Even though my father was constantly spouting racist hatred, no one really listened, or so I thought, I certainly didn’t. Which was why I never mentioned to them that the Woman Marine roommate I was driving up the east coast with to spend Christmas in N.H. –was a black girl from rural Texas. My sister came down the stairs in the morning and screamed in fear when she saw Helen sitting at the table. I was taken aside and asked why I hadn’t ‘warned them’ and what would the neighbor’s think? After watching my father try and fail to drive into the garage drunk for years, I doubted the neighbors took much notice. I was ashamed. When my grandmother greeted her by saying she was happy to meet my little colored friend, I apologized. But, Helen said, “Your grandparents are loving people and so what if they don’t use the ‘correct’ words… it’s those damn scary silent sisters of yours that make me sleep with my eyes open.”

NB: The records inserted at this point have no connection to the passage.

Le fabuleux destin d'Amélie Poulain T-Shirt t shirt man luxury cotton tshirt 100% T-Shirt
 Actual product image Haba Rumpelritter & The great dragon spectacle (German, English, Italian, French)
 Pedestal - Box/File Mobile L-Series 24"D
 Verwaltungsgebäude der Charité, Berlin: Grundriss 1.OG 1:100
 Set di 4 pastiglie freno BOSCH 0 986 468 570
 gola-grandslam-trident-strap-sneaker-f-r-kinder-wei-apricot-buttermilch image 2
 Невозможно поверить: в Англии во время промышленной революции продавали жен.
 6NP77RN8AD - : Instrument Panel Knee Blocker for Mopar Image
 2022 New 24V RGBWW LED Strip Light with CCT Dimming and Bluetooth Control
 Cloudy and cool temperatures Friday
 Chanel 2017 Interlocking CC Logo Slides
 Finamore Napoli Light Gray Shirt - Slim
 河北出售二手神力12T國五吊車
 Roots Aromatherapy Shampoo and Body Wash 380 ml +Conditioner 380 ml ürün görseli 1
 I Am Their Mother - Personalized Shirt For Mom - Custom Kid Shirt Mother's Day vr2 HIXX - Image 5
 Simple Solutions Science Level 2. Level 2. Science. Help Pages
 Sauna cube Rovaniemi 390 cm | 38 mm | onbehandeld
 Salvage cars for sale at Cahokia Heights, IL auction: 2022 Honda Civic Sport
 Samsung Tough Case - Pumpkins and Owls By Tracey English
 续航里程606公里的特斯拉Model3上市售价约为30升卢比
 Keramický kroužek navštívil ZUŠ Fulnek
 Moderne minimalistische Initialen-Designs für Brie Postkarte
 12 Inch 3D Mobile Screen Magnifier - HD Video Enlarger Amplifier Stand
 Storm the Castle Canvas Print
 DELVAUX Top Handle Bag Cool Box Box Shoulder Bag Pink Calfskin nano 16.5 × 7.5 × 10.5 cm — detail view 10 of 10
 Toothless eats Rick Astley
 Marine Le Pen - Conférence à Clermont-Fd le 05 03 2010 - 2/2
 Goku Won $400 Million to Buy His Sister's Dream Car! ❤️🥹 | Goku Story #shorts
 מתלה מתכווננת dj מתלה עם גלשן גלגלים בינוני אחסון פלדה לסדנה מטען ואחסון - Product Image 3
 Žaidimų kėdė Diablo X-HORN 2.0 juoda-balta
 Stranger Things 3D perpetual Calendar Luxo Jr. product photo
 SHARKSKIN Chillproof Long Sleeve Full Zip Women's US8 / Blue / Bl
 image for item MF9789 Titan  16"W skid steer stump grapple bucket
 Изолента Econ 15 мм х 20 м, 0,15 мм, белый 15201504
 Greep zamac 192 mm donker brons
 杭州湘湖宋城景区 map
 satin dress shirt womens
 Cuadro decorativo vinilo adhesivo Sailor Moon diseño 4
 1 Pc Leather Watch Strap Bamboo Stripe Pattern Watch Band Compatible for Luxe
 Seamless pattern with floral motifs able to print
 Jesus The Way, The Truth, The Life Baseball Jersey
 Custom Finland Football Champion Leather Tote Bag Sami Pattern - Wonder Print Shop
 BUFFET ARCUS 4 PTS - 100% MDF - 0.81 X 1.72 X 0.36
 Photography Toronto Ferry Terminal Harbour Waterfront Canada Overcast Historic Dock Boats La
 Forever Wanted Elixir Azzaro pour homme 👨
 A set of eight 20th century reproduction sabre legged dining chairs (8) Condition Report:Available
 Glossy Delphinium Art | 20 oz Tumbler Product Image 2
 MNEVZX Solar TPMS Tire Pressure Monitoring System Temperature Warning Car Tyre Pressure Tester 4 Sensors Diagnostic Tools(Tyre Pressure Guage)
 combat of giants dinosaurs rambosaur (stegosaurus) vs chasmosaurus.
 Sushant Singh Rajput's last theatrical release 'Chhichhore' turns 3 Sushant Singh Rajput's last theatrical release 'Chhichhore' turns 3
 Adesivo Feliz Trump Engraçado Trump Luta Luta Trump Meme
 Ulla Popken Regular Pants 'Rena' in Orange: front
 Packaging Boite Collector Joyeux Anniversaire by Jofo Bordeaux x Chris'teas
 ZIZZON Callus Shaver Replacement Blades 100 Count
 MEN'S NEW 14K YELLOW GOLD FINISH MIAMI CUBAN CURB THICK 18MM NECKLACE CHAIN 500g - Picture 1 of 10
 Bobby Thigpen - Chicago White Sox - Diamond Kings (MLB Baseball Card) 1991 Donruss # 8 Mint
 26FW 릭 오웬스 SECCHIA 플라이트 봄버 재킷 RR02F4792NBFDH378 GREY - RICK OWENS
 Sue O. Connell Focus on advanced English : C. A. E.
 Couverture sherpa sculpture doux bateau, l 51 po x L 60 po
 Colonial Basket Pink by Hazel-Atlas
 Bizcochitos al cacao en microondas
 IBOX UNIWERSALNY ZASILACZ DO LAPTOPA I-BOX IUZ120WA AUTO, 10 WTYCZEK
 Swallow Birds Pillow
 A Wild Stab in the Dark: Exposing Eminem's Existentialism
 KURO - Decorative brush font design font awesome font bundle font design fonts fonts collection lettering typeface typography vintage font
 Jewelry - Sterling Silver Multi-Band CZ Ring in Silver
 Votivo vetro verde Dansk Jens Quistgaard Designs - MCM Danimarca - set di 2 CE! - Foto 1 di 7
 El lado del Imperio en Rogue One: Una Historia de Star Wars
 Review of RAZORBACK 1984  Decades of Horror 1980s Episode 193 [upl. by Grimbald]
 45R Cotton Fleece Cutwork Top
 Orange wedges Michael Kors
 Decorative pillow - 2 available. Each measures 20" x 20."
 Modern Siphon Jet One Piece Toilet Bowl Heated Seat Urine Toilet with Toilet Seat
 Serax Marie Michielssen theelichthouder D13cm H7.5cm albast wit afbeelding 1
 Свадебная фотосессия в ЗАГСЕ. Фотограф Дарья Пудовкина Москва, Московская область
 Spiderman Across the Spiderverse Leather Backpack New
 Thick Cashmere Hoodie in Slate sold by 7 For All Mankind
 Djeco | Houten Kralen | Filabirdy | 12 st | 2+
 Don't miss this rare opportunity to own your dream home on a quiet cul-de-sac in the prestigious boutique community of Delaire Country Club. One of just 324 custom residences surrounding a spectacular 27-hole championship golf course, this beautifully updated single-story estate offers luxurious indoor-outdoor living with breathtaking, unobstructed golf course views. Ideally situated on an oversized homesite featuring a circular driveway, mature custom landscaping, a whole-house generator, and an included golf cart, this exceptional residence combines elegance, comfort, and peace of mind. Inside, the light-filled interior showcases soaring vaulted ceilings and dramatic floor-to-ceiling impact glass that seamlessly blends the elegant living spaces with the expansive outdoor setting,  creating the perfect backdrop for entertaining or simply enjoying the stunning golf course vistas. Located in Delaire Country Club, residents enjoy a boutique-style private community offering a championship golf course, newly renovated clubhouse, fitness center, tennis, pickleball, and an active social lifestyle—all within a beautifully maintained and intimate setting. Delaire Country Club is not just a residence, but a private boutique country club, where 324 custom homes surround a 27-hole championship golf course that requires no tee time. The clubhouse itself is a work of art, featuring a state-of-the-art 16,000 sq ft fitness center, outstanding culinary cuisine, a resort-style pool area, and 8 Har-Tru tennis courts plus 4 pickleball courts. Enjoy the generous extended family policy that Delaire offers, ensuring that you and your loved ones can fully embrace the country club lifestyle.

I sat in restaurants with Helen and watch no one wait on us. I’d get up and ask if there was a problem? Helen would explain that we were Marines and had heard this restaurant had the best barbecue in Virginia. Suddenly, the racist owners saw us as ‘fellow Marines’ and we’d get a free meal, a tour and their tales of their wars. I felt self-righteous but Helen told me that they still won’t feed blacks -they only fed Marines. I still like to think we opened a small crack?

Yes, my world was small, yet expanding it was an ongoing adventure. In high school my boyfriend was going to the University of Miami, we talked on the phone -it was a nice safe relationship for me. One day he described a local treat, it was a jewish thing but so good. I told my mother and that Saturday my mom and my sisters sat at the table eating bagels and sour cream… we weren’t so sure what was so great about it. Later, on the phone my boyfriend told me I was an idiot, he’d said, Bagels and Cream Cheese! Ah! We tried again and all agreed it was delicious. I though it was pretty cool to try a jewish sandwich. I wasn’t sure what Jews were, as a local Jewish kid, Adam Sandler, said in his comedy sketch on Saturday Night Live, ‘jew’ is a verb in NH. Albeit, the nuns had taught us, they killed Jesus and are pagans… and will be going straight to hell. I knew most of what they told was suspect after they tried to lure me into their world with promises of working with lepers in Hawaii! I grew up thinking they meant the ancient Jews because WWII movies showed us they had been persecuted.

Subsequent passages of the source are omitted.